Supplied information section start

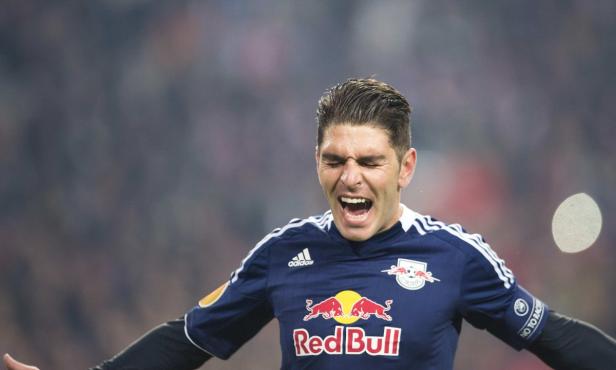 Ein Fußballspieler von Red Bull jubelt mit geöffnetem Mund.
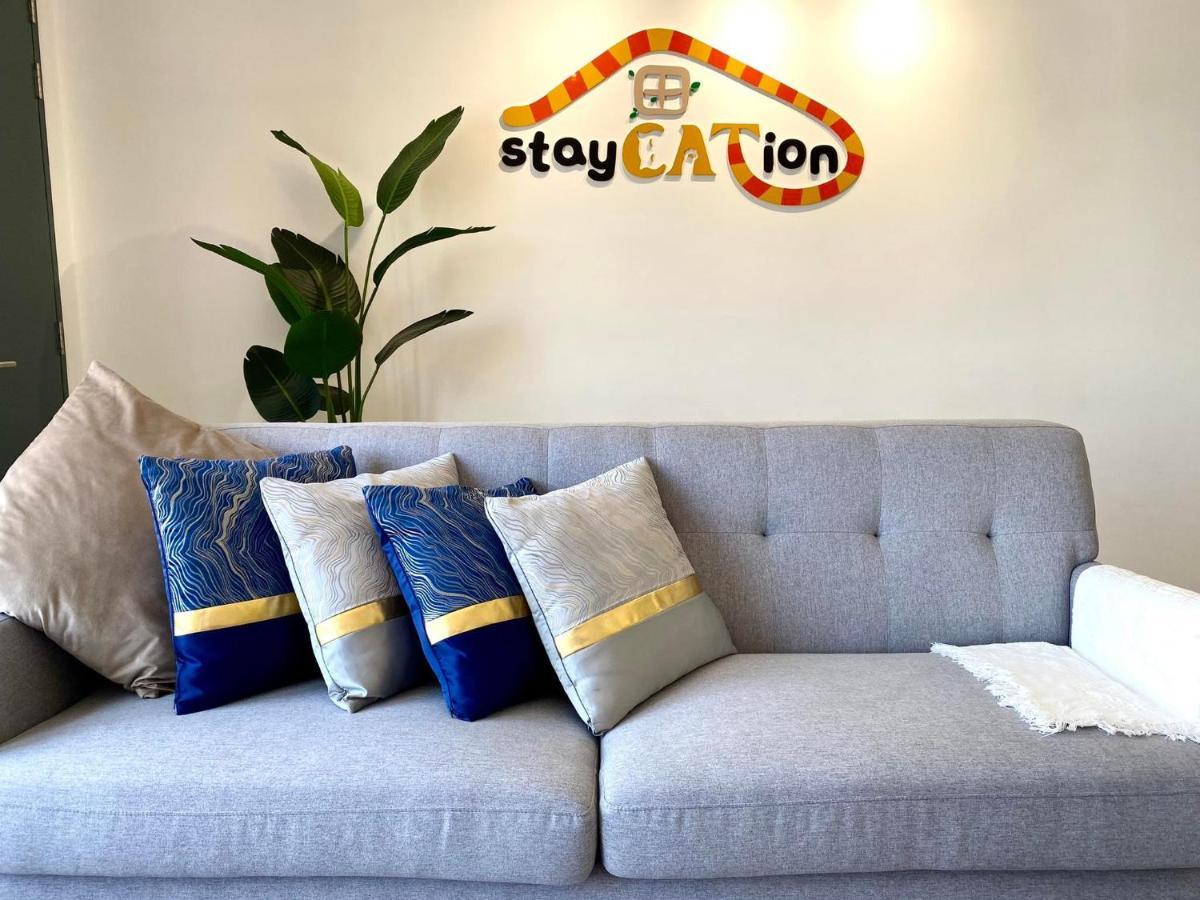 Tropicana 218 Macalister Sea & View By Staycation * George Town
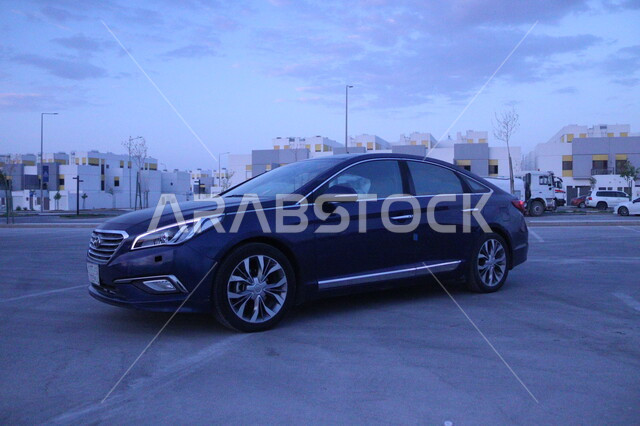 وسائل النقل في المملكة العربية السعودية، فعاليات ومعارض متميزة، بيع وإيجار السيارات، سيارة سوناتا مركونة في الموقف، مفهوم السيارة الأنيقة والعصرية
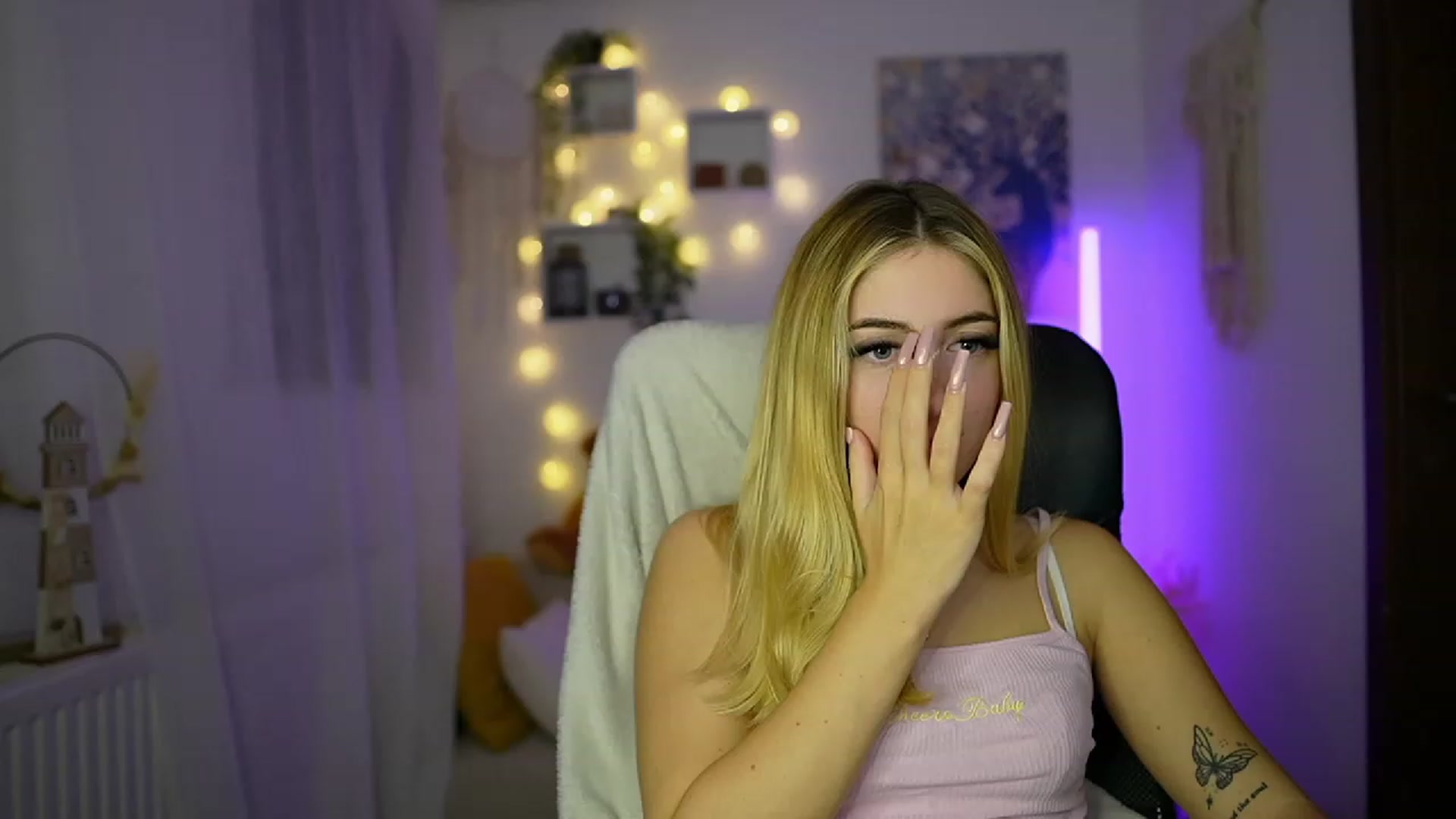 Gallery image thumbnail from Tina_Nappi18's myfreecams stream on, 10/26/2023, 17:32 image 20 of 20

Supplied information section end

> [Your goal]: Would you print all of the material exactly as written, minus the pictures?

> [Exercise solution]:
 Ein Fußballspieler von Red Bull jubelt mit geöffnetem Mund.
 Tropicana 218 Macalister Sea & View By Staycation * George Town
 وسائل النقل في المملكة العربية السعودية، فعاليات ومعارض متميزة، بيع وإيجار السيارات، سيارة سوناتا مركونة في الموقف، مفهوم السيارة الأنيقة والعصرية
 Gallery image thumbnail from Tina_Nappi18's myfreecams stream on, 10/26/2023, 17:32 image 20 of 20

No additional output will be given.